Sorelle, fratelli, nello stupore della fede pasquale, portando nel cuore ogni attesa di pace e di liberazione, possiamo dire: con Te, o Signore, tutto è nuovo. Con Te, tutto ricomincia.
Il rosario. Martedì sera, in Cattedrale, è stato invece recitato il rosario di suffragio.

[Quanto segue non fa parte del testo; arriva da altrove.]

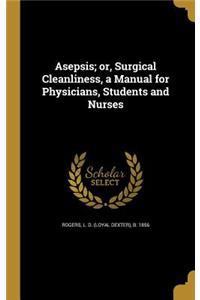 Asepsis; or, Surgical Cleanliness, a Manual for Physicians, Students and Nurses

Giungendo alla spicciolata, tanti fedeli monferrini hanno occupato tutti i posti nella navata centrale della Cattedrale per ricordare nella preghiera papa Francesco. Sono giunti non solo dalla città, ma da varie zone della Diocesi (anche dall’Up Santa Fede). Con loro diversi sacerdoti e una rappresentanza di religiose. Poi un gruppo di giovani dell’Azione cattolica con il presidente diocesano e gli assistenti e con la bandiera dell’Ac abbrunata, e i ragazzi della Pastorale giovanile con don Gabriele Paganini.

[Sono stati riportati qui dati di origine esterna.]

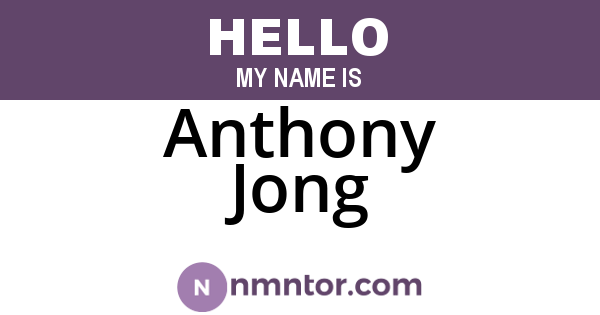 Anthony Jong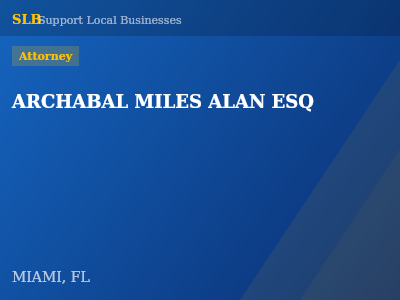 ARCHABAL MILES ALAN ESQ — Attorney in MIAMI, FL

Essendo il Vescovo a Lourdes per il pellegrinaggio diocesano con l’Oftal, a guidare la veglia è stato il vicario generale mons. Désiré Azogou, che ha sottolineato che in contemporanea anche a Lourdes i pellegrini sull’esplanade erano riuniti in preghiera per il Papa scomparso.
Nella veglia sono state seguite le indicazioni del testo dal significativo titolo “Nella luce della Pasqua” preparato per l’occasione dall’Ufficio liturgico nazionale della Conferenza episcopale italiana: il rosario con i misteri gloriosi introdotti dalla lettura di passi del Nuovo Testamento e meditati attraverso le parole pronunciate da papa Francesco in cinque occasioni del suo pontificato.
“Sebbene un velo di tristezza avvolge il nostro animo per la morte del nostro amato papa Francesco – ha detto mons. Désiré Azogou -, dal mondo intero si innalza un inno di ringraziamento a Dio Padre, per il dono di questo successore di Pietro che ci ha aiutato a riscoprire il volto di una Chiesa impegnata ad annunciare il Vangelo della gioia e della misericordia, in cammino lungo le strade del mondo e in ascolto del grido dell’umanità. In questo momento di preghiera affidiamo il nostro Papa alle cure premurose di Maria, segno di consolazione e di sicura speranza per il popolo di Dio in cammino verso il regno”.
Nel commentare il primo mistero, la Resurrezione, sono state riprese le parole del Papa alla Veglia pasquale del 2022: “Il Signore, in questa notte, vuole donarci occhi diversi, accesi dalla speranza che la paura, il dolore e la morte non avranno l’ultima parola su di noi” aveva detto, tra l’altro, Francesco. Nel secondo mistero, l’Ascensione, il riferimento è stato il Regina Coeli del 29 maggio 2022, dove il Papa evidenziava anche che “lo Spirito Santo rende presente Gesù in noi, oltre le barriere del tempo e dello spazio, per farci suoi testimoni nel mondo”. Per il terzo mistero, la discesa dello Spirito Santo, un passo della catechesi all’udienza generale del 19 giugno 2019, nella quale il Papa tra l’altro spiegava che “la Chiesa nasce dal fuoco dell’amore e da un ‘incendio’ che divampa a Pentecoste e che manifesta la forza della Parola del Risorto intrisa di Spirito Santo”. Dall’Angelus del 15 agosto 2013 è stato ripreso il commento al quarto mistero, l’assunzione di Maria, che “ci accompagna, lotta con noi, sostiene i cristiani nel combattimento contro le forze del male. La preghiera con Maria, in particolare il Rosario”. L’ultimo mistero, l’incoronazione di Maria, è stato accompagnato dalla lettura del Magnificat, un cantico nel quale Maria “profetizza che a primeggiare non sono il potere, il successo e il denaro, ma a primeggiare c’è il servizio, l’umiltà, l’amore”.